Bupati menegaskan bahwa keterlambatan rotasi jabatan bukan disebabkan oleh tarik-ulur politik atau kepentingan tertentu, melainkan karena harus menunggu rekomendasi resmi dari Badan Kepegawaian Negara (BKN) sebagai syarat administratif.
“Kenapa terkesan lambat, karena semua proses harus menunggu rekomendasi dari BKN. Tanpa rekomendasi itu, rotasi tidak bisa dilakukan,” ujar Bupati Fauzi kepada wartawan seusai acara di Pendopo Agung Keraton Sumenep. Rabu (14/01/2026).
Dalam kesempatan tersebut, Bupati juga menyampaikan apresiasi kepada Komisi I DPRD Sumenep yang dinilainya konsisten menjalankan fungsi pengawasan dan memberikan masukan kepada eksekutif.
“Terima kasih kepada Komisi I DPRD Sumenep yang sudah mengingatkan eksekutif. Ini bagian dari check and balance yang baik dalam pemerintahan,” tegasnya.
Bupati menekankan mutasi dan rotasi jabatan tidak boleh dimaknai sebagai bentuk hukuman, tekanan politik, maupun kepentingan pribadi.
Kebijakan tersebut merupakan bagian dari penyegaran organisasi dan penguatan kelembagaan pemerintah daerah agar kinerja perangkat daerah semakin optimal dan berdampak langsung pada masyarakat.
“Kami melakukan penataan dan mutasi jabatan dengan target program pembangunan berjalan lebih efektif dan pelayanan publik semakin meningkat,” terangnya.
Melalui mekanisme tersebut, ASN diharapkan memperoleh wawasan yang lebih luas, pengalaman kerja yang beragam, serta peningkatan kemampuan manajerial dalam menghadapi tantangan pembangunan daerah yang semakin kompleks.
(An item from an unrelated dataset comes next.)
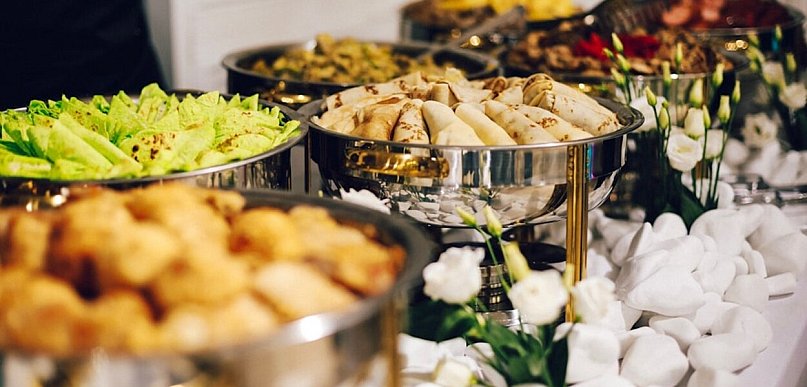 Gorący sukces w cateringu. Jak utrzymać temperaturę dań i napojów?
Dalam mutasi tersebut, Bupati Sumenep melantik sejumlah Pejabat Pimpinan Tinggi Pratama eselon II, serta melakukan rotasi dan promosi terhadap puluhan pejabat pengawas di tingkat kecamatan.
Bupati menegaskan, seluruh proses mutasi dan promosi jabatan dilaksanakan sesuai dengan ketentuan peraturan perundang-undangan dan berdasarkan penilaian kinerja serta kompetensi ASN.
“Kami optimistis, dengan penataan birokrasi yang tepat, roda pemerintahan akan berjalan lebih profesional, efektif, dan mampu menghadirkan pelayanan publik yang prima,” pungkasnya.
Bupati Sumenep melantik sejumlah Pejabat Pimpinan Tinggi Pratama (Eselon II), di antaranya, Ferdiansyah sebagai Kepala Bapenda, Agus Dwi Saputra sebagai Kepala DPMD, Moh. Iksan sebagai Kepala Dinas Pendidikan, serta Anwar Syahroni sebagai Kepala Dinas Lingkungan Hidup, Rahman Riadi sebagai Kepala Dinas Sosial P2A, Heru Santosa sebagai Kepala DPMPTSP, Mustangin sebagai Kepala Dinas Ketenagakerjaan, Faruk Hanafi sebagai Kepala Dinas Budporapar, dan Beni Irawan sebagai Kepala BKPSDM.
Selain itu, rotasi dan promosi dilakukan terhadap 69 pejabat pengawas eselon IV yang tersebar di tingkat kecamatan, sebagai bagian dari penyegaran birokrasi dan penguatan pelayanan publik di tingkat kecamatan.